443 P.3d 1049
Kan.2019Background
- In Aug 2014 Bacon was charged with aggravated human trafficking (later amended to commercial sexual exploitation of a child) after police stopped him with a 17‑year‑old runaway who said he drove her to solicit prostitution.
- The district court found Bacon indigent and appointed public defender James Mamalis, who repeatedly continued hearings and trial dates.
- Bacon filed pro se "Motion for Diligence" quoting KRPC 1.3 twice, complaining about attorney diligence; the court mailed the filings to Mamalis but took no further action.
- About 10 days before trial Bacon retained private counsel Sarah Swain; the court denied a continuance, the State amended charges, and Bacon was convicted by a jury.
- Swain moved for a new trial arguing the court should have inquired into Bacon’s pro se complaints about Mamalis; the district court denied relief as untimely and because the pro se filings did not request new counsel.

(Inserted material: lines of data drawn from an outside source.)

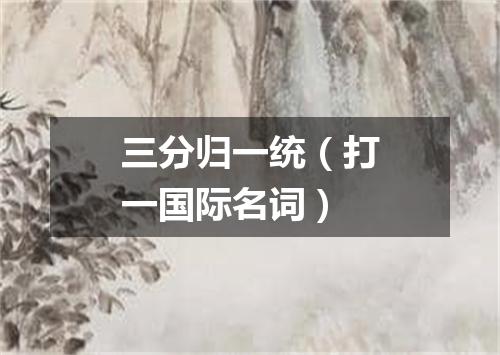 三分归一统（打一国际名词）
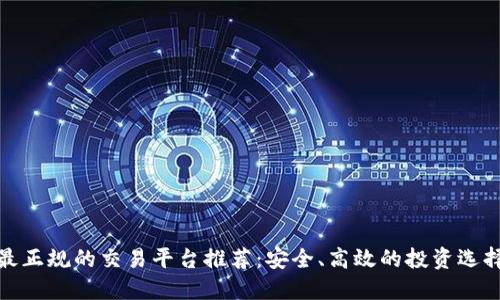 最正规的交易平台推荐:安全、高效的投资选择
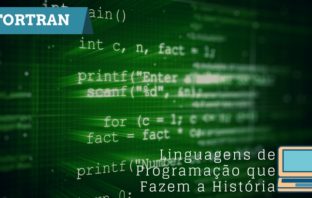 Fortran – Linguagens De Programação Que Fazem A História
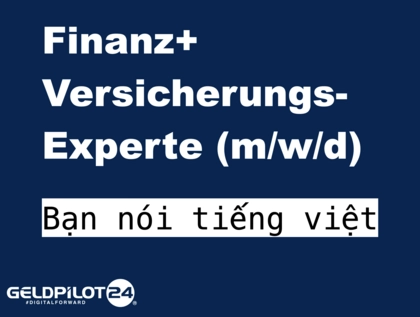 Finanz + Versicherungsexperten (m/w/d) Finanz + Versicherungsexperten (m/w/d)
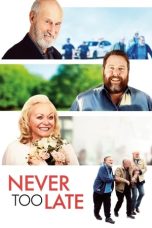 Nonton film Never Too Late (2020) Nonton film Never Too Late (2020)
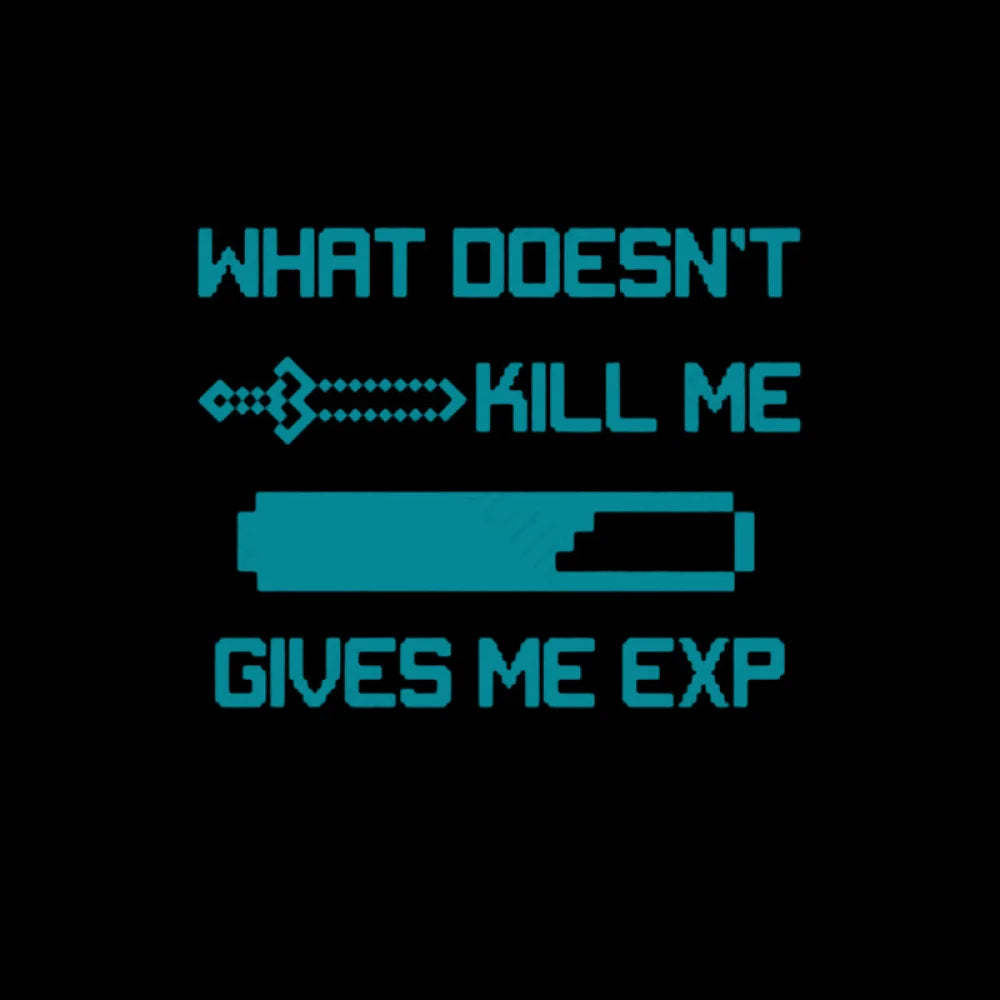 Kill And Get Exp Nerd T-Shirt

- The Court of Appeals affirmed; the Kansas Supreme Court granted review, assumed without deciding the district court erred in not inquiring, but affirmed because Bacon obtained new counsel for trial and showed no prejudice from the failure to inquire.
Issues
| Issue | Bacon's Argument | State/Court's Argument | Held |
|---|---|---|---|
| Whether Bacon's pro se KRPC 1.3 filings triggered the trial court's duty to inquire about attorney dissatisfaction | The filings constituted an articulable statement of dissatisfaction triggering inquiry and appointment of new counsel | The filings did not sufficiently allege dissatisfaction or request new counsel, so no duty to inquire was triggered | Court assumed filings did trigger a duty but found no reversible error because Bacon later retained private counsel and showed no prejudice |
| Whether failure to inquire requires remand or presumed prejudice | Remand required and prejudice should be presumed or relief warranted | Prejudice is not automatically presumed absent multiple concurrent representation, timely objection, and failure to inquire; remand unnecessary if defendant received new counsel and no prejudice shown | No remand; prejudice not shown or presumed on these facts because Bacon had new counsel and does not allege ineffective trial representation |
Key Cases Cited
- State v. Brown, 331 P.3d 797 (2014) (defendant must show justifiable dissatisfaction; court duty to inquire when articulated statement of dissatisfaction is made)
- State v. Bowen, 323 P.3d 853 (2014) (prejudice is presumed only in limited circumstances: concurrent representations, timely objection, and failure to inquire)
- State v. Gilbert, 326 P.3d 1060 (2014) (courts construe pro se pleadings liberally but cannot supply arguments not made)
- Atkins v. Webcon, 419 P.3d 1 (2018) (appellate affirmance may be upheld as right for the wrong reason)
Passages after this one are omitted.